Ritualizing Abortion
OLD DEITIES, NEW SACRAMENT
Once you recover from the shock of the first encounter, it seems obvious, even predict able. But the first encounter is disturbing and disorienting: You feel as if you are present in old Carthage at a sacrifice to Moloch, the eater of children.
I refer to the encounter with a new inspiration on the part of proabortionists, an inspiration wondrous in its simplicity and staggering in its implications. To the claims of prolifers that religion forbids abortion, proabortionists can respond with fervor that they, too, are religious, they, too, are believers, and abortion is a spiritual practice and a sacred ritual. Abortion is an act of worship: Deus — or dea — vult.
This inspiration seems to be the genuine belief of some, as we will see. But it is sure to be used by others as a rhetoric of convenience, as a tactic in their war to keep abortion safe, legal, and frequent. I fear it could prove a shrewd tactic, with a fair chance of success. In our culture, which is morally self-indulgent and religiously illiterate but spiritually ambitious and consumerist in outlook, ideologies are labeled “spiritual” for the same reason foods are labeled “natural”: The word draws customers to the product, and there are no enforceable standards for applying it.

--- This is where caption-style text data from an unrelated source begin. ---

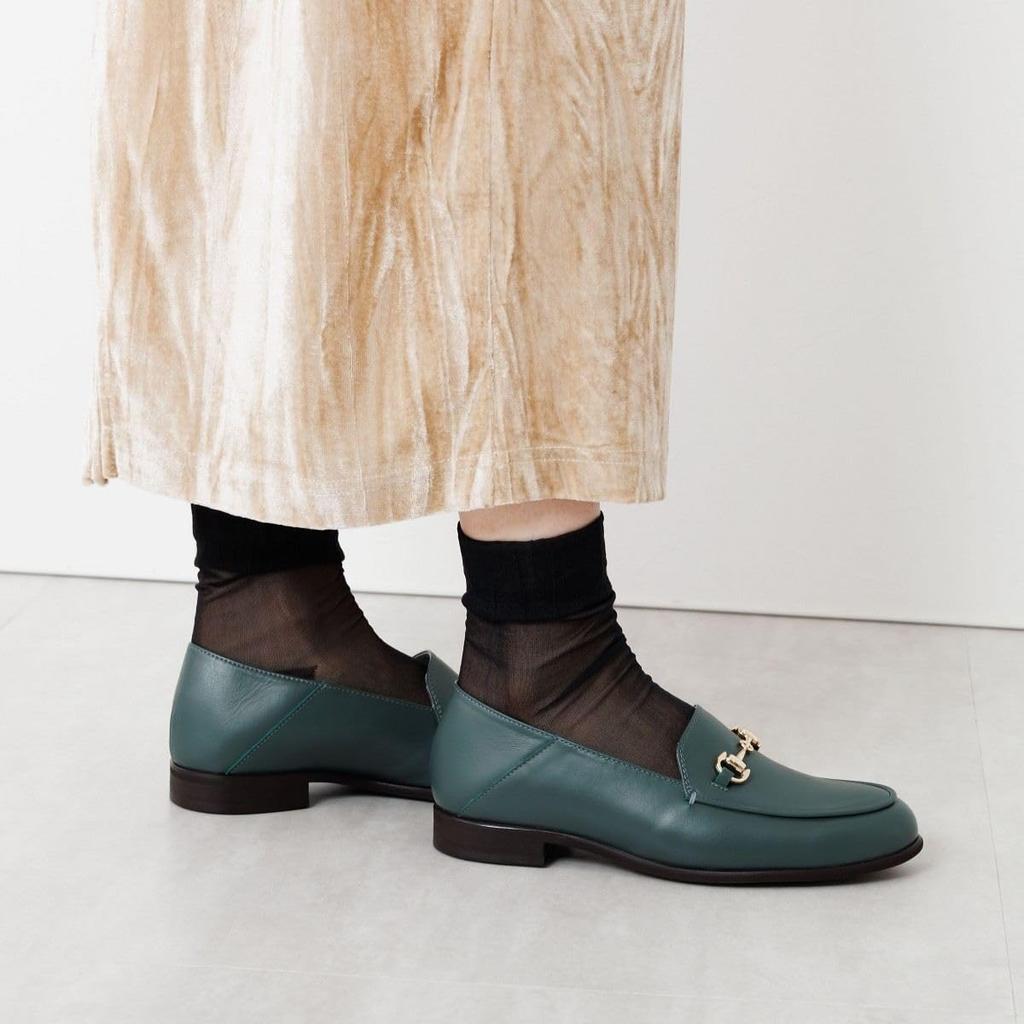 Genuine leather cushioned soft HIMIKO Himiko Babouche Bit Loafers 651304 Green 230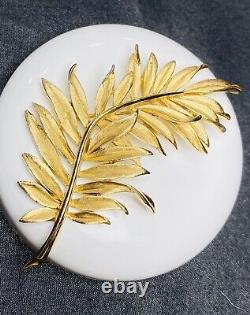 RARE VTG 1950's Crown Trifari Alfred Philippe Gold Trifanium Fern Leaf Brooch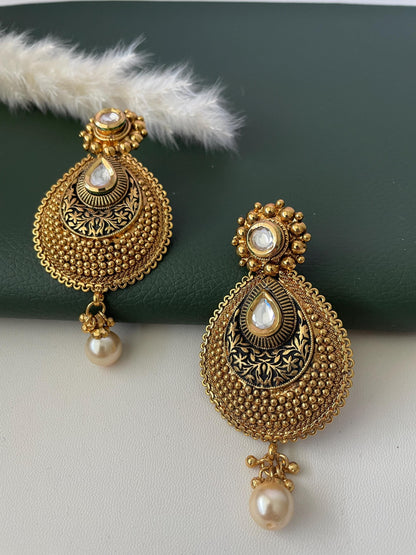 Nysaa gold plated kundan or minakari party earrings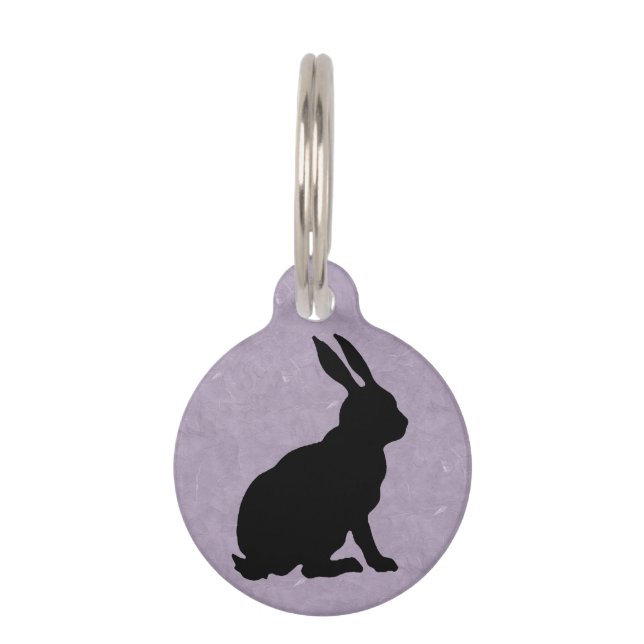 Black Rabbit Silhouette Easter Bunny Pet ID Tag (Front)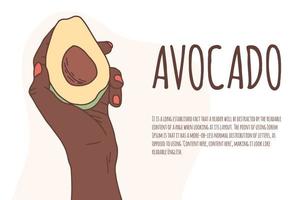 main africaine tient un avocat sur une bannière de vecteur de fond isolé. une bonne nutrition, végétalienne. éco-produit. avocat à la main illustration vectorielle de dessin animé plat élégant avec espace de copie pour le texte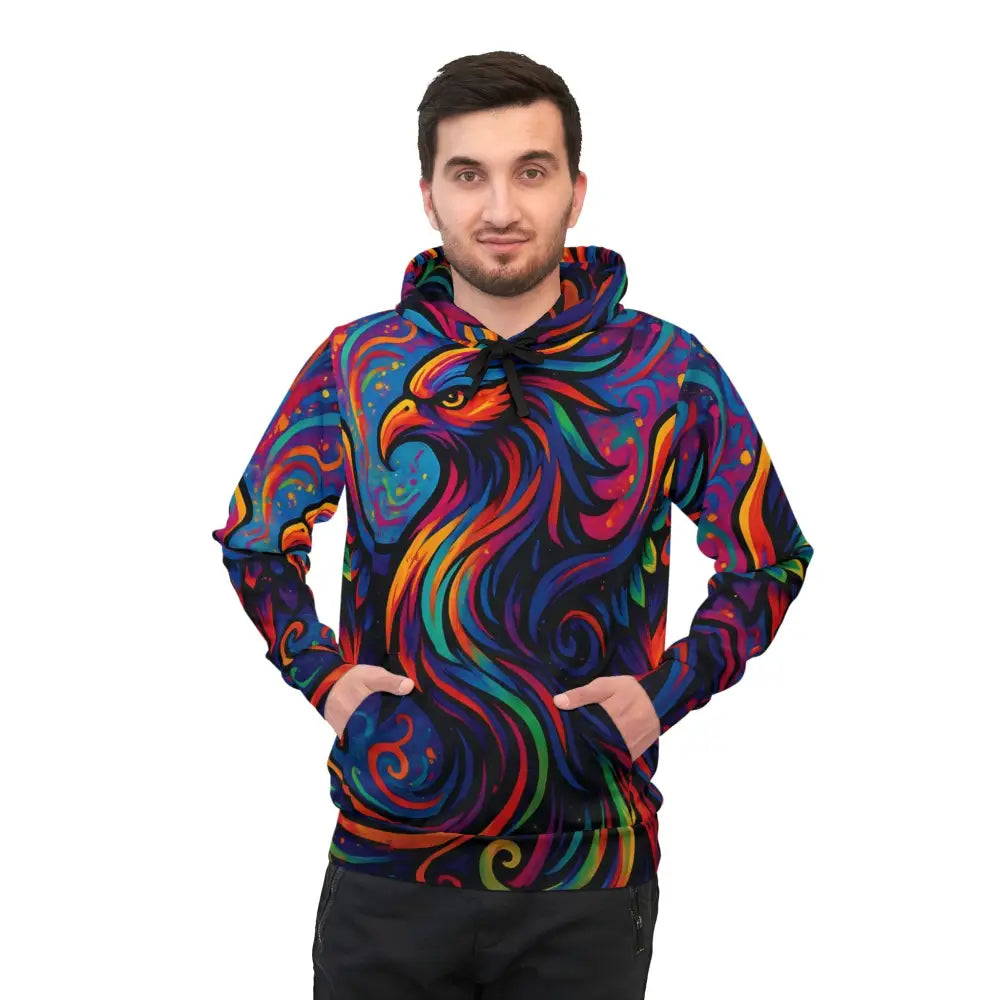 Colorful phoenix hoodie with neon flames from Rebirth in Neon Flame Psychedelic Swirl Hoodie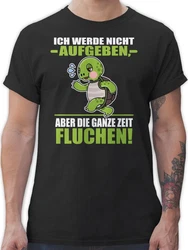 Shirtracer T-Shirt Ich werde nicht aufgeben aber die ganze Zeit fluchen! - Sprche Statement Gelb/Neonfarben/Grün/Grau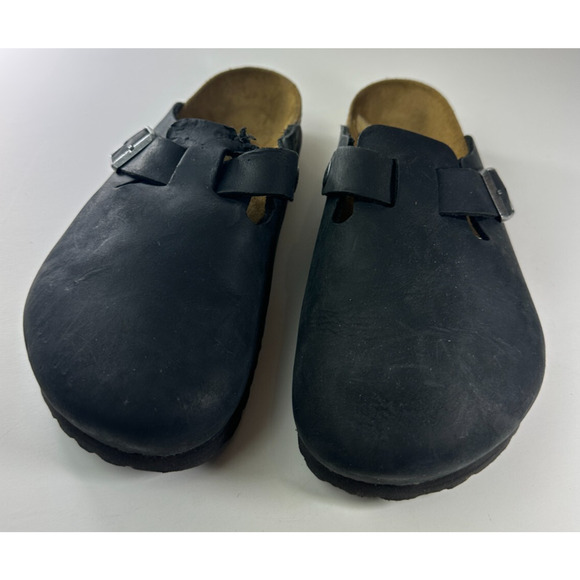 *Damaged* Birkenstock Boston Slip On Clog Mules Black Size 38 US 7 L7 M5 *Flawed - Picture 15 of 16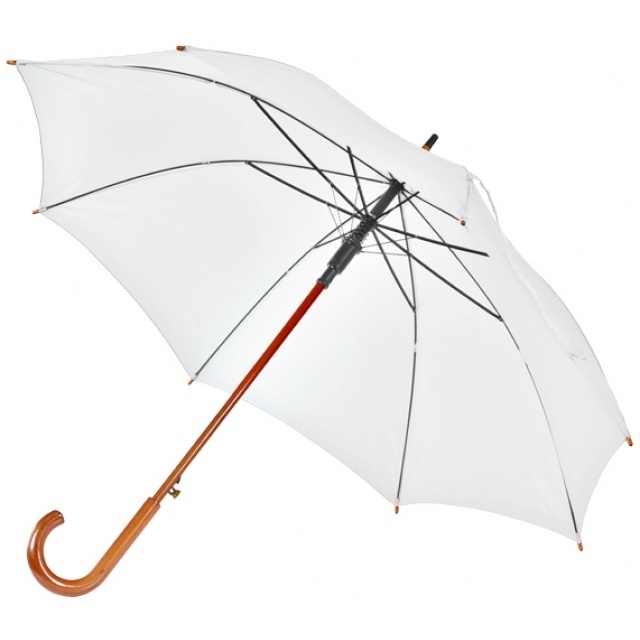 Logotrade corporate gift picture of: Wooden automatic umbrella NANCY  color white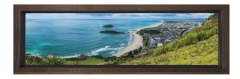 Deniz Kıyısı Manzarası Tablosu Kahverengi Ahşap Çerçeve - 120x40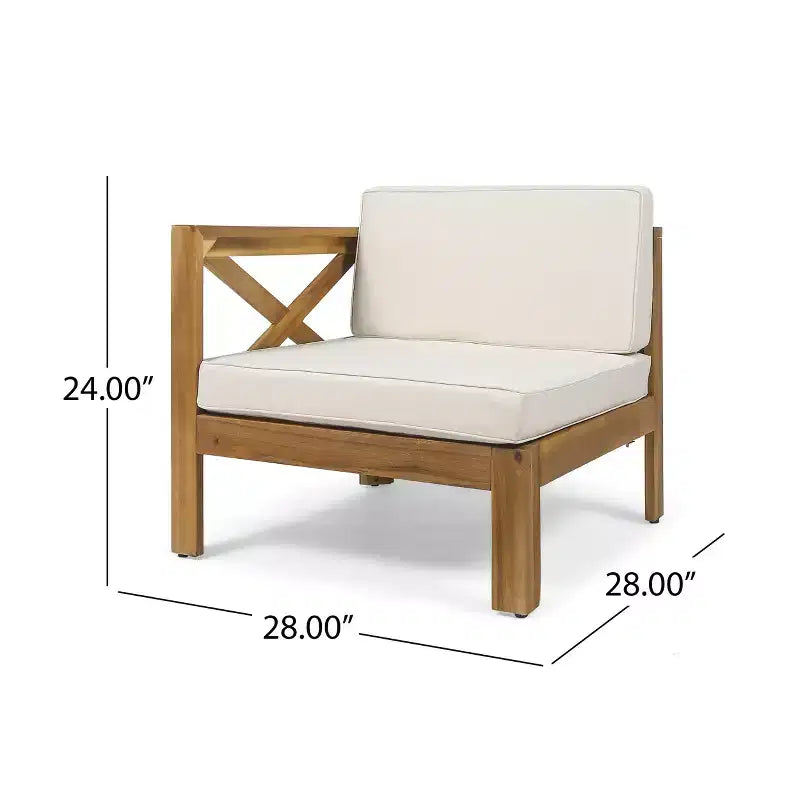 GDFStudio Allaire Canapé sectionnel 3 places en bois d'acacia avec pouf
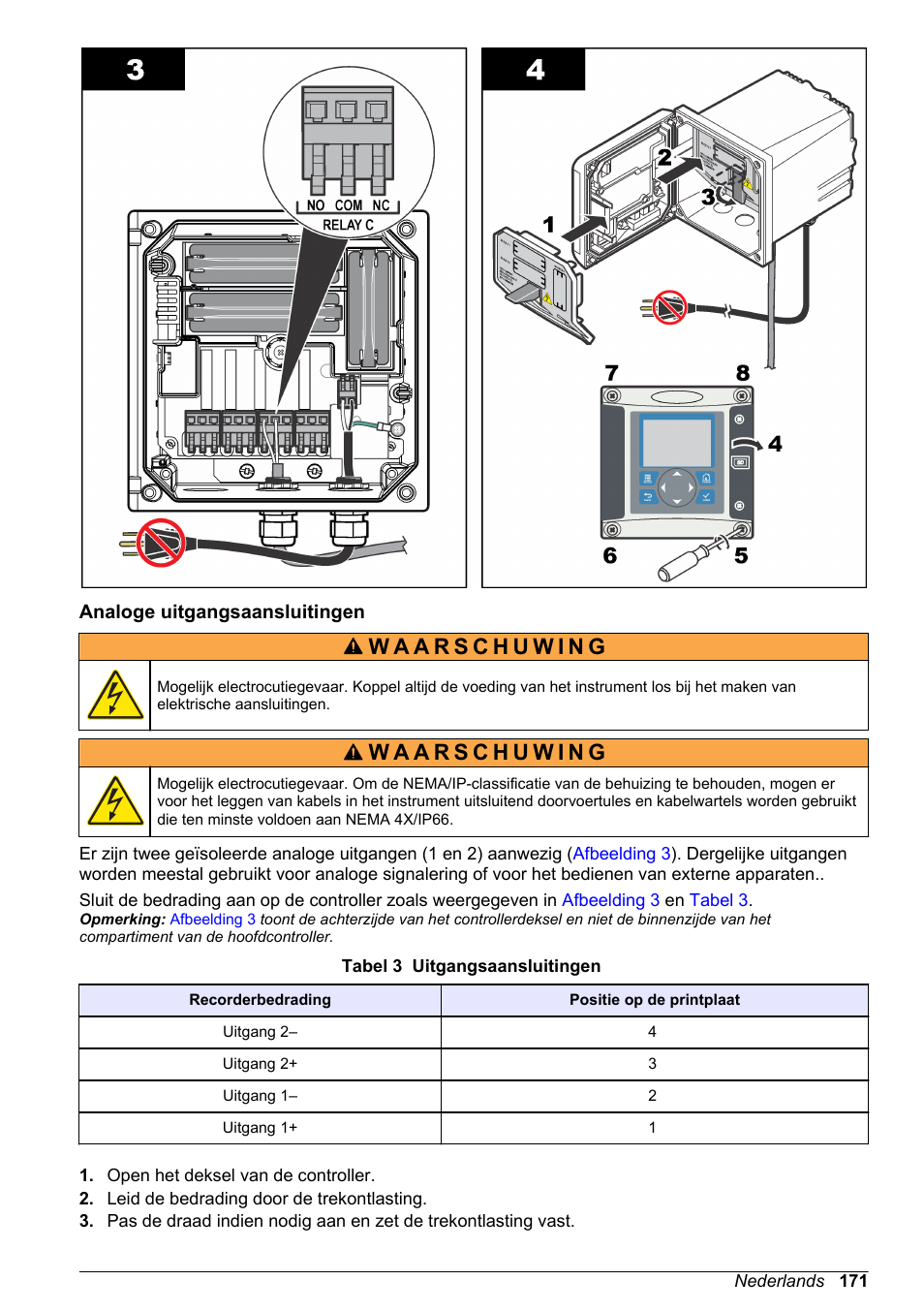 Analoge uitgangsaansluitingen | Hach-Lange POLYMETRON 9586 User Manual | Page 171 / 252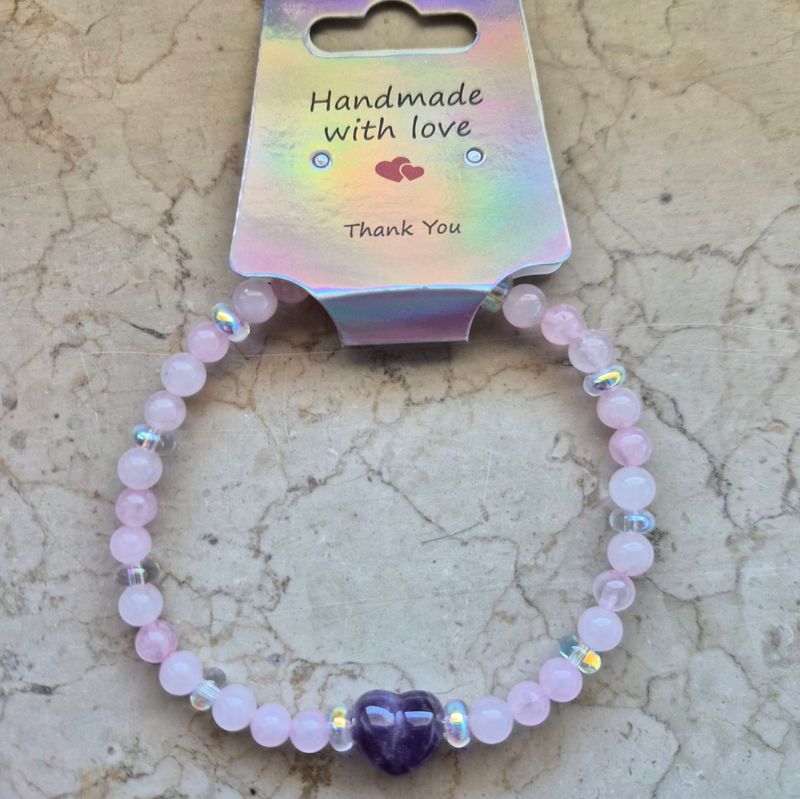 Armband Rosenquarz &amp; Amethyst &amp; Auraquarz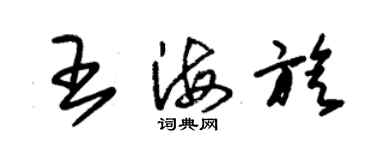 朱錫榮王海旋草書個性簽名怎么寫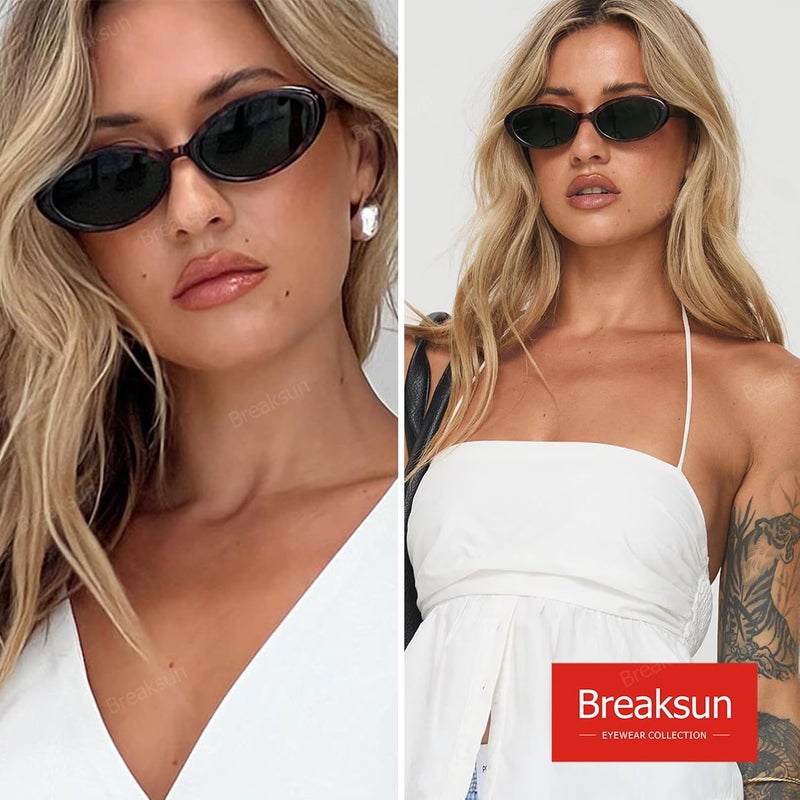 Breaksun Retro Oval Sunglasses for Women Men Fashion Small Oval Sunglasses 90s Vintage Shades - Image 3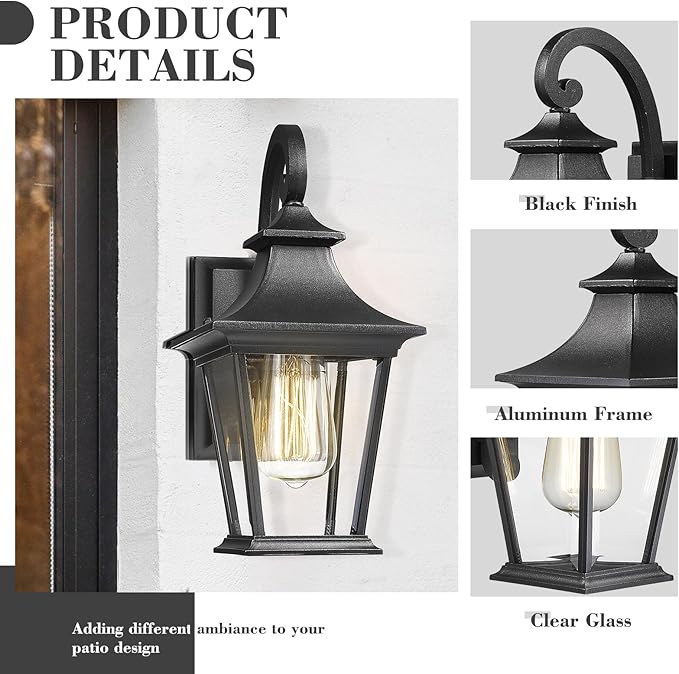 Emliviar Outdoor Porch Light, Modern Outside Wall Light Fixture for House Garage, Clear Glass in Black Finish, 12" Height, XE219B BK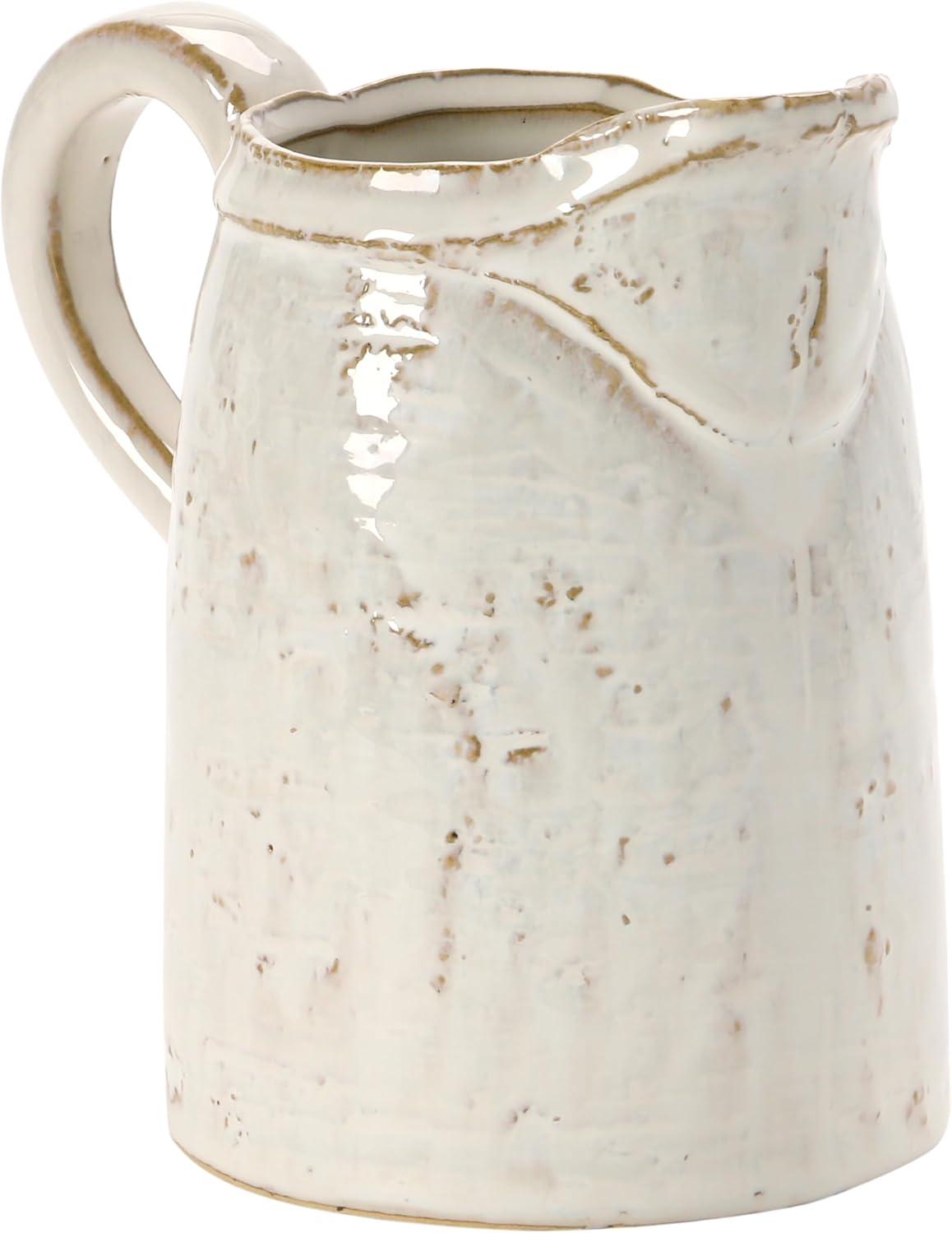 Creative Co-Op 28 oz. Stoneware Pitcher, Reactive Glaze, White (Each One Will Vary)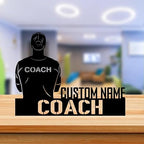 Bazinco Personalized Coach Name Plate – Custom Coach Desk Sign for Office or Training Academy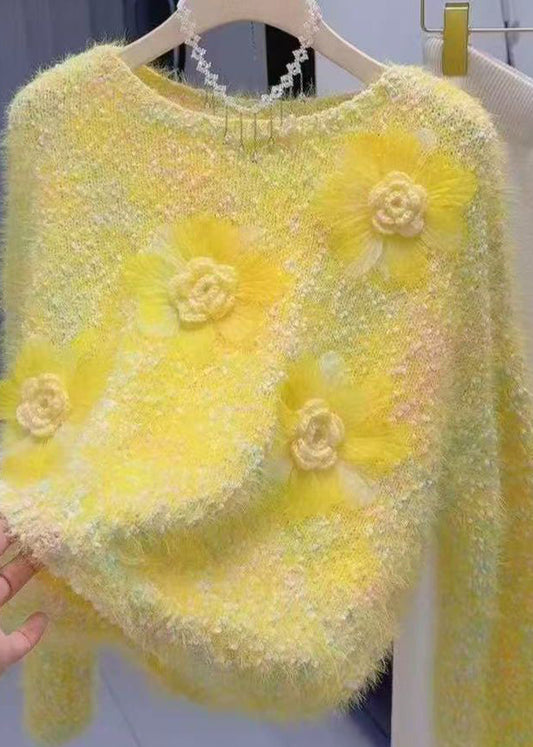 French Yellow O-Neck Floral Warm Knit Sweater Winter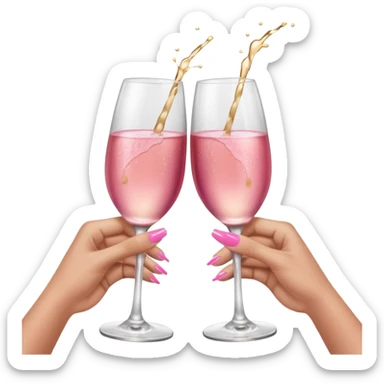Pink champagne toast two glasses with brown hands with short manicured pink nails sticker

Since Americans, as a whole, continue to be surprisingly respectful of anything that calls itself religion, any co-opting of religious language by the proabortionists could reduce the momentum the prolife movement has built up in the past few years. At the least it could serve to confuse further the vast muddled middle of our countrymen who may not be sure if abortion is murder but who are fairly clear that government should not mess with anybody’s religion.